How to force package configs re-install?

I used the Nix Package Manager, via nix-shell, to temporarily install podman on CentOS 7.9 to see if the upgraded version worked.

podman 5.0.3 didn’t work. There were keys and container sources in place from the original platform install of podman 1.6.4. So, I exited nix-shell, uninstalled the yum packages and moved the /etc/container, /user/share/container, and ~/.config/container directories to backup and hoped that the Nix Package Manager “re-install” would re-create them for the Nix context. It didn’t.

Is there a way to force the package to generate the configurations?
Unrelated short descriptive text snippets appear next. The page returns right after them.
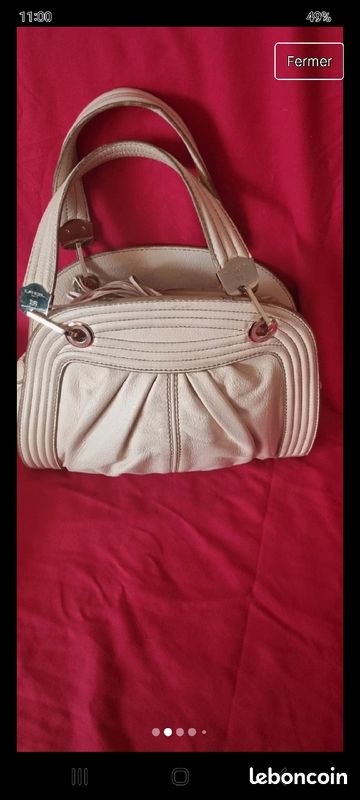 Sac lancel en cuir souple Tonelle très chic et glamour, voir mes autres ventes 🌹 (image 8)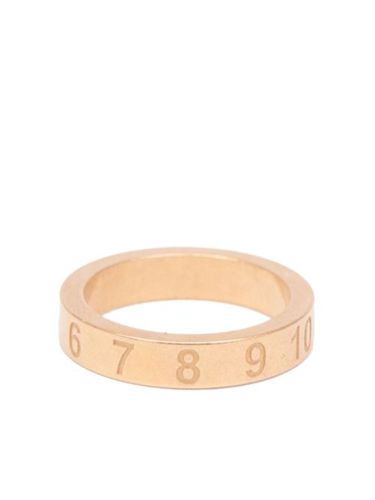 Bague Numerical à design gravé - Maison Margiela - Modalova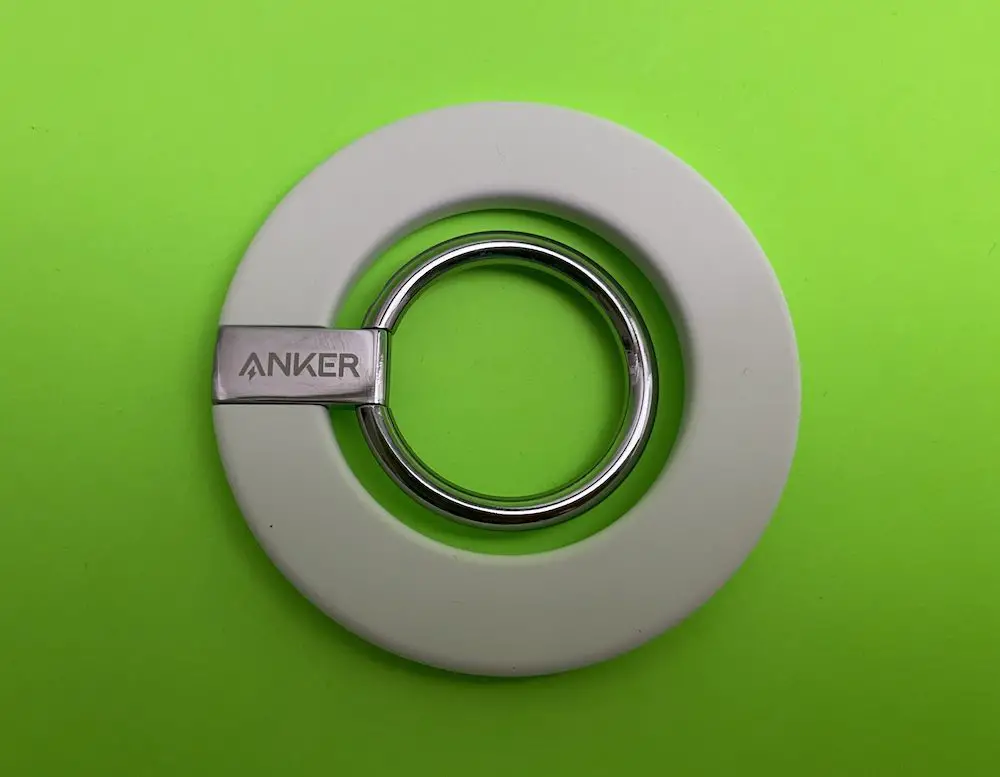 Anker 610 magnetic phone grip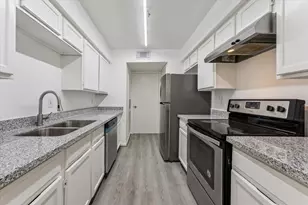 6606 De Moss Dr, Houston, TX 77074 - Photo 2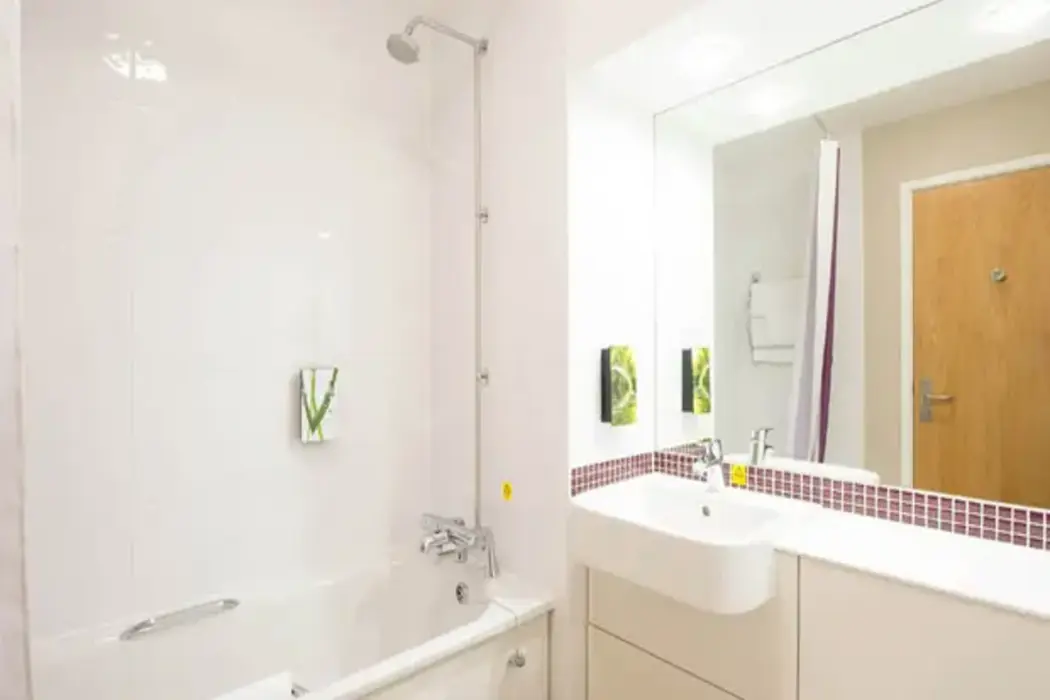 Premier Inn Farnborough West (Southwood),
I think that since I already have the package in the store, that Nix is just re-creating a temporary environment with links pointing to the right places. I suspect (sorry noob here) that if it was a first time install it would have created those configuration files, but that it elects not to over-write them if they exist already. A sensible default. But if I re-run

nix-shell -p podman

a second time, it finds the package that it downloaded earlier in the store and just re-establishes the links. I can’t seem to find any option to regenerate the config files, assuming I’m right in my guess about what it would have done on the first install.

Although Podman complaining about missing global policy.json while a local one is present #19073 is a different problem, it gives me some confidence that my assumptions are correct, that nix-shell should be creating the configuration files.
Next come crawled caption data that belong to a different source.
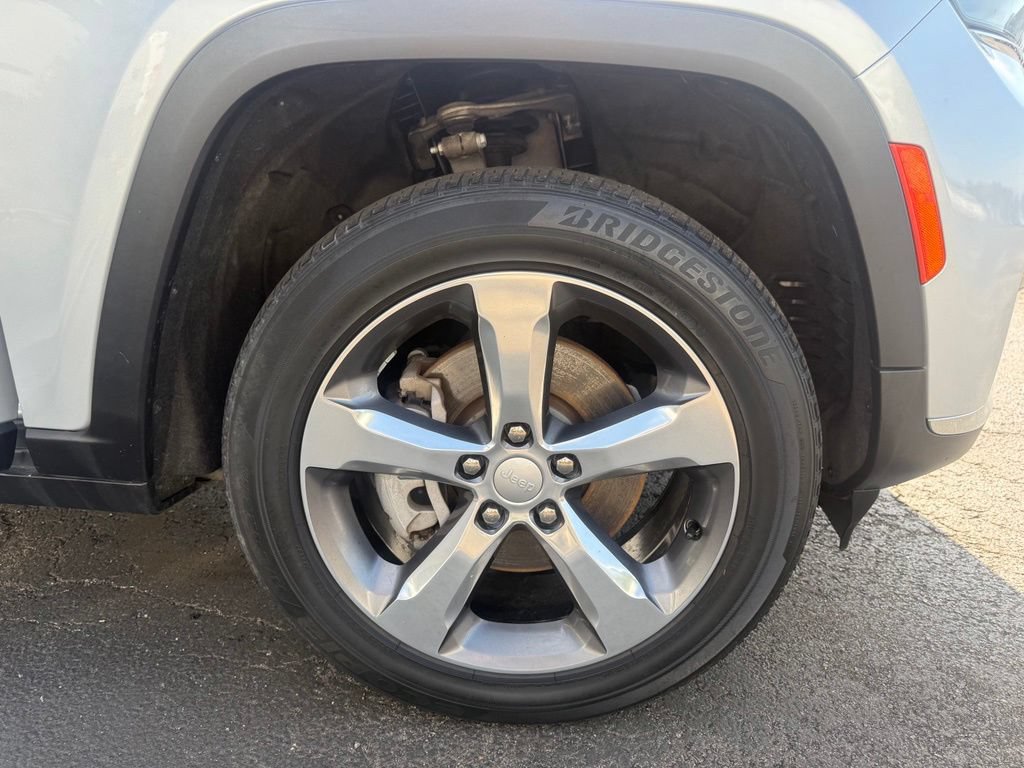 Used 2021 Jeep Grand Cherokee L Limited AWD/4WD image 60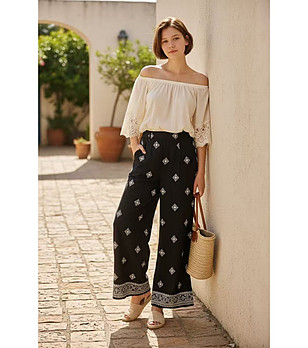 Черни панталони с ластичен гръб и принт снимка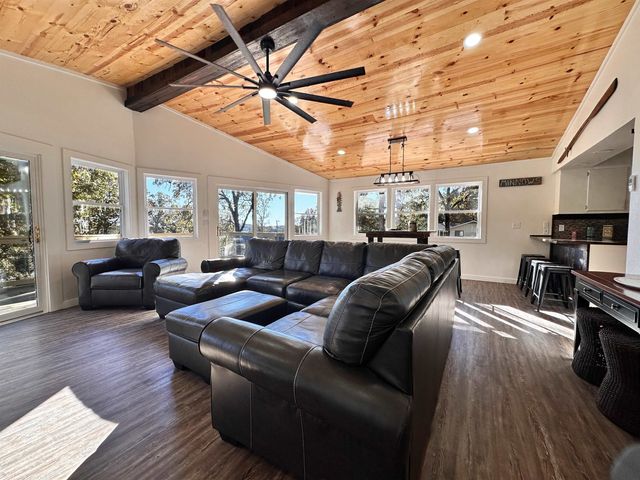 1506 E Emerald Cove Drive, Horseshoe Bend, AR 72512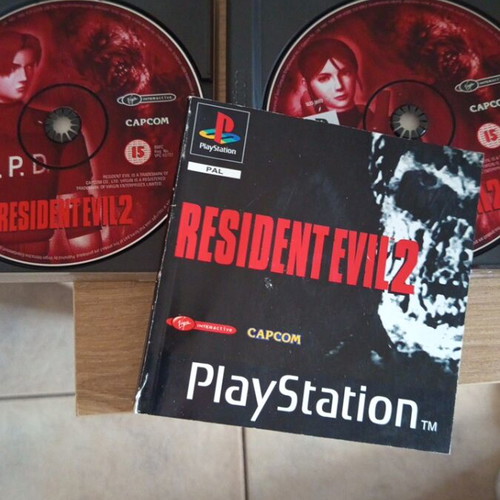 Resident Evil 2 PlayStation PS1 game used with cracked case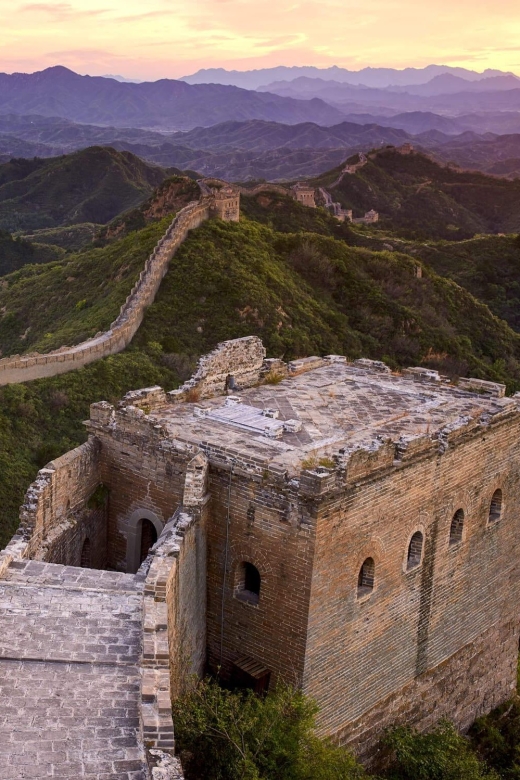 Beijing: Jinshanling and Simatai Wall&Gubei Watertown Tour - Gubei Water Town at the best time of day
I’m thinking that running nix-shell with --expr and some derivation that triggers the package re-install might be the way to go… now to figure out how to do that :hand_with_index_finger_and_thumb_crossed:

Your idea is a bit twisted… Nix makes installations reproducible. Now, if “reinstalling” it (although just with nix-shell) the behavior of the application is always the same, it probably means that in one of the previous invocation the command has persisted on disk some kind of additional config that now re-reads everytime is run… probably in you home directory, that Nix usually doesn’t touch. Have you tried deleting your user’s podman config?

twisted…

Guilty as charged :wink:

Have you tried deleting your user’s podman config

Yes, my backup nuked all of that, including userland.

That was actually overkill, so I used yum to reinstall, then uninstall, which generated enough configs that Nix version could complain about a missing policy. Since I was hacking, I copied the backup policy from /etc/containers to userland, then I could pull images, but not run them. There’s some namespace binding problem… and I’ve run out of day, and am doing too much hacking.
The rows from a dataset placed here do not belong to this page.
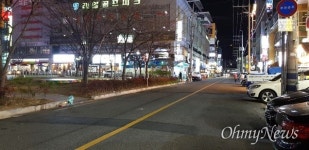 창원 상남동, 코로나19 확진 첫 평일 저녁 분위기 썰렁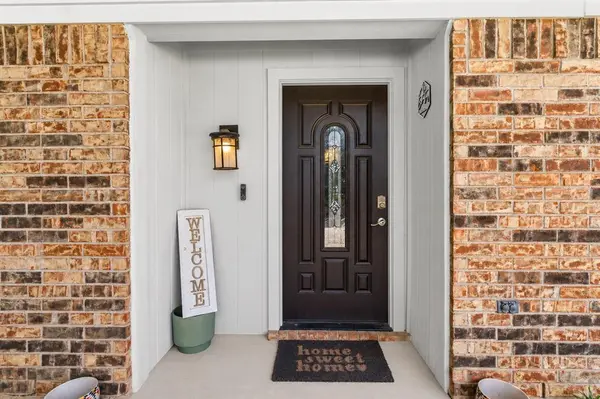7025 Constitution Drive, Watauga, TX 76148
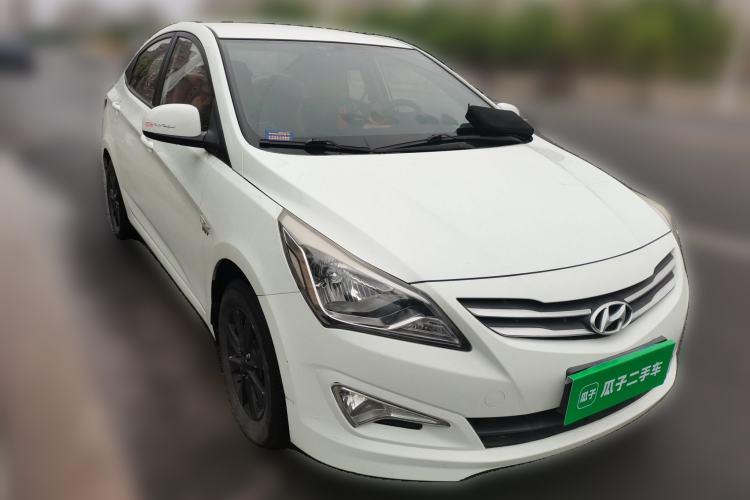 Used Hyundai Verna (older generation) 2014 1.4L Manual Smart GLS Trim Front Right 45 Deg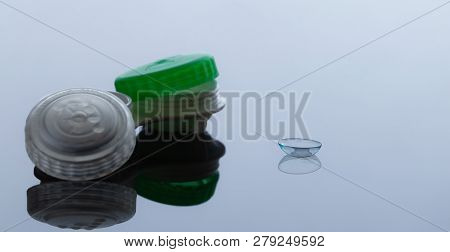Contact Lens With Plastic Case 1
P.S. great reference link. :heart_eyes:

For posterity… one thing I think should be pointed out is that using the podman package on NixOS is fine, but, if using Nix Package Manager on a guest OS, that package is not likely to work because podman requires deep integration into the internals of the host OS, like cgroups and namespaces and other things.

As the podman page on the nixos wiki mentions points out:

Note that rootless podman requires newuidmap (from shadow). If you’re not on NixOS, this cannot be supplied by the Nix package ‘shadow’ since setuid/setgid programs are not currently supported by Nix.

One is typically better off installing podman or Docker on the host using the hosts installer or package manager. Since my host was constrained to a really old version with only an ancient version of podman that had problems, I was hoping that the Nix Package Manager would be a nice work-around. For most things it is, but not for podman due to these problems.

However, if a working podman is available on the host, then nix-shell with the Nix Package Manager is an excellent way to build containers.